一方、図2bが示すように、旧制度下での希望退職年齢は実際の退職年齢とさほど変わらず、しかも、それが退職した年次と関係なく観測される、という事実も判明する。退職後、潤沢な年金収入が保障されていることがその背景にあろう。

図3は退職前の職場別にみた調査時の年金給付額と退職前の給与を比較したものであり、全体として退職前給与に対する年金が1.47倍になる。つまり、都市の年金生活者はその年金収入が退職時の給与よりも47%多いということである。退職前の職場別にみると、党政府機関や事業単位で働いた者の年金収入が際立って高いことが分かる。

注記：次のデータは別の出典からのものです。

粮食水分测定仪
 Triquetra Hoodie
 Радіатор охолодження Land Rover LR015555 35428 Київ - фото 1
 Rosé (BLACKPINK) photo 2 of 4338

実際、8割くらいの年金生活者は「年金が基本的な生活ニーズを満たせるか」という設問に対し肯定的な答えを出している。「足りない」との回答者は16.5%と少数である(図4a)。その裏返しとして退職後の再就職は全体の8.9%に留まり、8割以上の者は家事等(56.8%)やレジャー・学び(22.0%)に時間を費やす形で老後を送っている(図4b)。
「再就職」の回答者は基本的に年金収入が少ない。図4cから見て取れるように、「再就職」「元職場再雇用」と回答した者の年金月額はそれぞれ平均2170元、2779元と「レジャー・学び」「家事等」と回答した者のそれを下回る。

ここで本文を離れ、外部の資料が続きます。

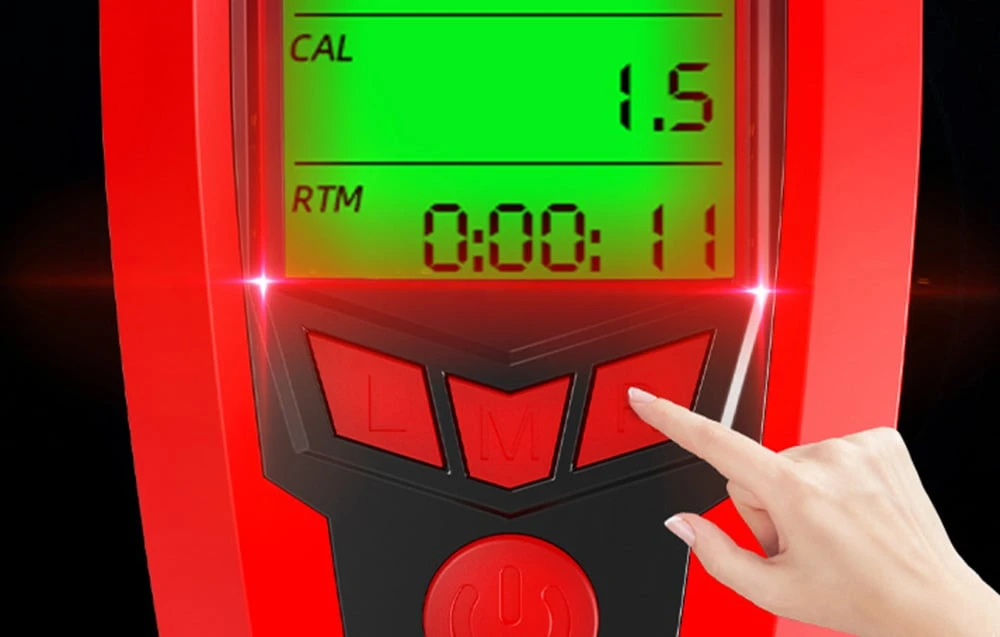 Superfire BM01 4-in-1 dviračio žibintas aprašymas - Prekės nuotrauka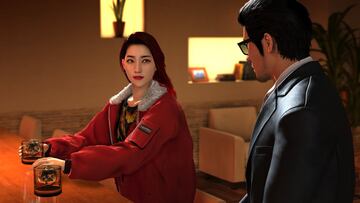 Like a Dragon Gaiden: The Man Who Erased His Name demo Infinite Wealth novedades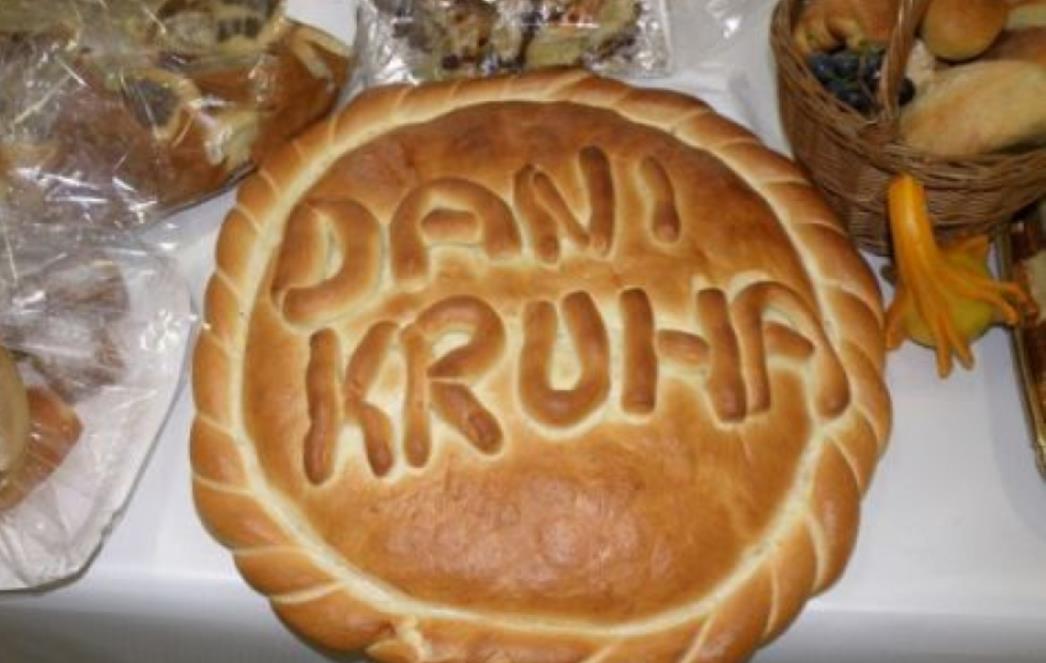 Dani kruha u Novoj Mokošici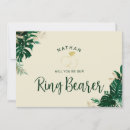 Buscar de bodas boda tarjetas anillos arras Serías mi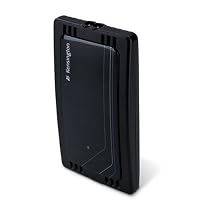 Kensington K33197 120W Auto/Air Ultra Portable Notebook PC Power Adapter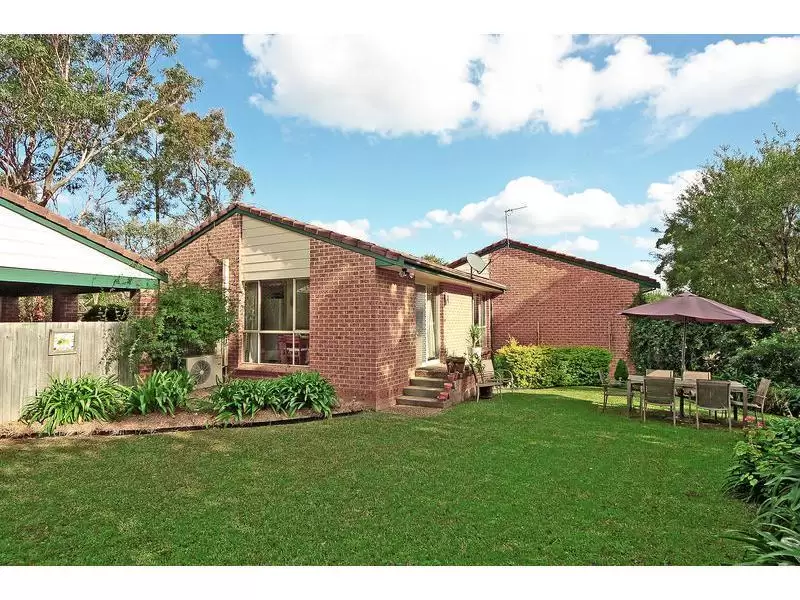 4B Chebec Close, Bomaderry Sold by Integrity Real Estate - image 2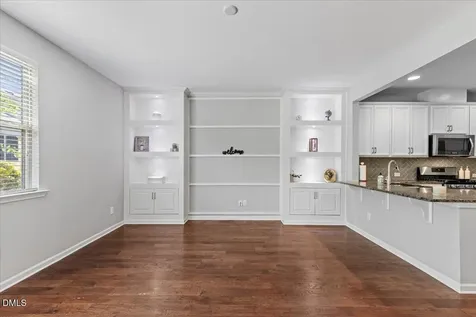 256 Rubrum Drive Hillsborough NC 27278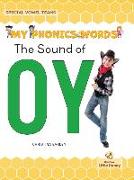 The Sound of Oy
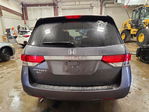 Honda Odyssey 2016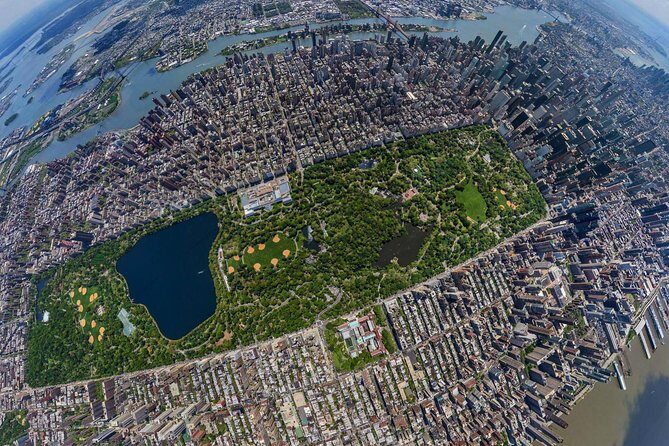 VIP Horse Carriage Ride through Central Park (Up to 4 Adults) - Key Points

「年金が基本的な生活ニーズを満たせるか」に対し、「足りない」を選んだ回答者の年金は少なく、「比較的余裕ある」と回答した者の年金の4割くらいにすぎない(図4d)。

要するに、都市部退職者の圧倒的多数は年金だけでも基本的な生活ニーズを満たすことができている。定年後の再就職、元職場再雇用は基本的に、年金が比較的少なく、年金だけでは生活できないような者に限られる。
都市部における高齢者就職の決定要因
都市部における高齢者の就業行動または就労選択をより詳しく分析するため、ここで、CHIP2018の個票データから50-80歳の全サンプル(およそ1万人)を抽出し、調査時点での就業または非就業が個々人の属性や収入とどのように関連しているかを重回帰分析で検証する。
ここでは、就業を1、非就業を0とする従属変数を設定し、年齢、性別、政治的身分(共産党員か否か)、戸籍(農業vs非農業)、月収、教育を独立変数としたLogisticモデルを構築し、SPSSを用いて計量分析した。分析対象の平均年齢は60.0歳、男性が49.3%、共産党員が18.7%、非農業戸籍者が54.3%をそれぞれ占める。また、平均月収は2716元であり、教育水準別の分布は、小卒以下が24.7%、中卒が37.9%、高卒が20.9%、職業高校・中専卒が4.4%、大専・大学・大学院が12.1%となっている。なお、全体の就業率は48.1%(3922/8155)である。